Comincia a muoversi qualcosa anche a livello nazionale sul caso della morte di Luca Ventre, il 35enne italiano (di madre lucana, senisese) morto lo scorso 1 gennaio in circostanze a dir poco strane nell’ambasciata italiana a Montevideo. Già lo scorso 9 gennaio il fratello Fabrizio ci aveva spiegato quello che era accaduto, avvalorato anche dalle immagini della telecamera di sicurezza che oggi vi mostriamo. ‘’Luca entra alle 7 del mattino ora locale nell’ambasciata italiana. Suona ma non apre nessuno e così scavalca il cancello. Apprendiamo, successivamente, che era lì perché aveva paura, qualcuno forse lo inseguiva, si sentiva minacciato. Ci aveva accennato qualcosa nella sua ultima telefonata a fine dicembre ma, dal tono di voce, sinceramente, ci sembrava che tutto fosse sotto controllo. La mattina del 1 gennaio si reca in ambasciata per cercare protezione. Aveva con sé dei documenti. Nessuno gli dà udienza, lui sta per andarsene, cerca di scavalcare il cancello per uscire e un poliziotto lo raggiunge e lo tira giù. Secondo quanto dichiarato dalla polizia locale lui era agitato, si è rivoltato contro l’agente che, assieme ad un collega, lo ha bloccato fisicamente fino a che poi non lo hanno portato al pronto soccorso dove, sempre a causa dell’eccessiva agitazione di Luca, gli sarebbe stato iniettato un calmante che, invece, ne avrebbe causato l’arresto cardiaco’’.
Questa la prima versione ufficiale. Il padre di Luca viene a sapere che il figlio è ferito e in ospedale dopo circa 7 ore dall’accaduto. Ma non è né l’ambasciata, né la polizia a comunicarglielo: è una telefonata anonima partita da una scheda che risulta inattiva subito dopo.
Quando il padre arriva in ospedale Luca non è ferito ma è morto. Secondo un medico con cui la famiglia ha parlato alle 8.00, quando c’è il cambio turno in ospedale, al suo arrivo in reparto Luca era già morto. Ora si attende l’esito dell’autopsia.
Ma, ripetiamo, sono le immagini della videocamera e gli orari della stessa a parlare.
Alle 7.08 Luca è a terra, la cartella con i documenti è pochi centimetri più in là, due persone lo tengono fermo, un poliziotto e un’ altra persona, che ha visibilmente in mano un’arma e parla al telefono.

Quest’ultimo, pochi secondi dopo, apre la cartella che contiene i documenti di Luca, mentre lui è ancora a terra. Resta lì, con la faccia a terra e un poliziotto su di lui. Nei secondi successivi arriverà anche l’altra persona.
Alle 7.33 si apre il cancello. Luca è sempre a terra, sembra non muoversi.
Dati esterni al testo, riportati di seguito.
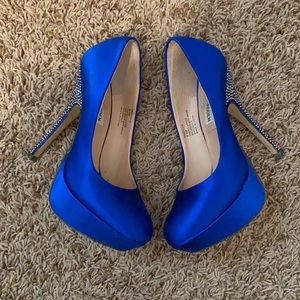 Steve Madden Blue Pumps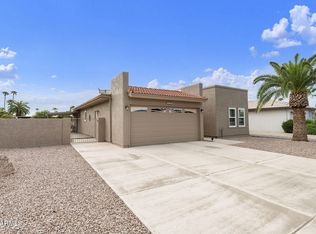 25843 S NEW TOWN Drive, Sun Lakes, AZ 85248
Alle 7.44 viene trasportato fuori a peso morto.

‘’La polizia dice che è arrivato in ospedale alle 7.47- continua Fabrizio- per un percorso che, anche andando veloci, necessita almeno di 7 o 10 minuti di tempo’’.
“Quando la polizia ha detto che Luca era eccessivamente agitato abbiamo cominciato a capire che qualcosa non tornava. E sono i fotogrammi della telecamera a dirlo- continua Fabrizio- perché si vedeva che mio fratello non stava opponendo resistenza e che, soprattutto, non ha attraversato quel cancello con le sue gambe’’.
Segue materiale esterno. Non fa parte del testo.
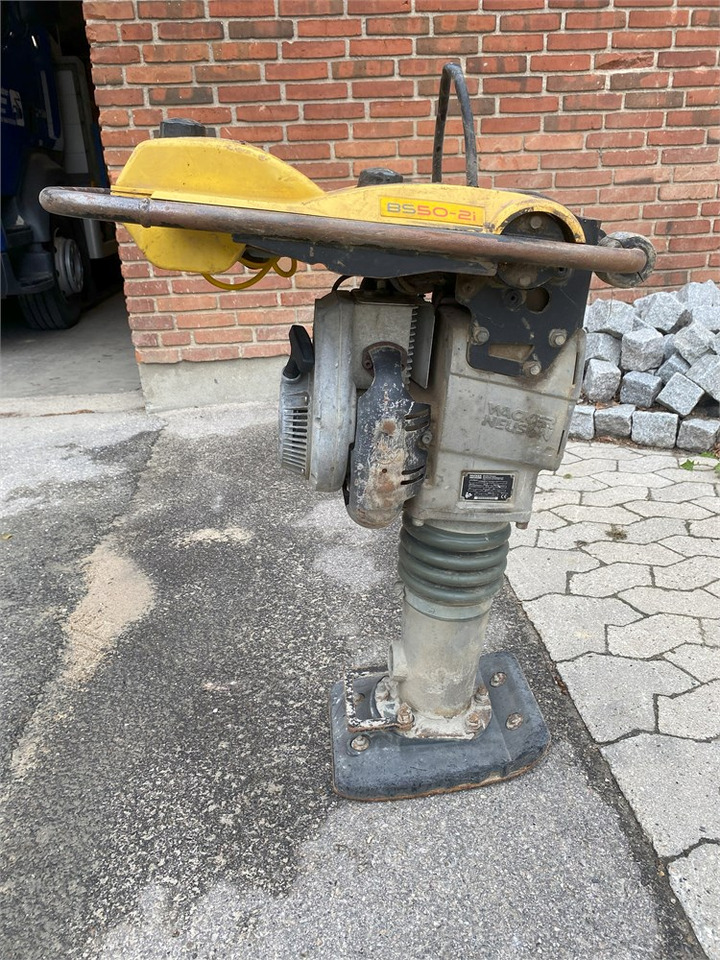 Wacker Neuson Rammer BS 50 - 2i - 래머 : 사진 1 Wacker Neuson Rammer BS 50 - 2i - 래머 : 사진 1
Come ci eravamo chiesti nel primo articolo del nove gennaio, sono molti i punti oscuri su questa vicenda. E sono tutti punti interrogativi.
Luca è morto in ospedale, come ha detto la polizia? Perché il medico dice alla famiglia che Luca era già morto nel suo cambio turno, alle 8? E se dai video si vede benissimo che aveva perso i sensi già all’interno dell’ambasciata, perché la polizia ha detto che si era eccessivamente agitato?
Perché nessuno ha comunicato ufficialmente alla famiglia che Luca era stato trasportato in ospedale?
Da chi stava scappando Luca? Perché, alle 7 del mattino del 1 gennaio, si è catapultato in ambasciata per chiedere aiuto?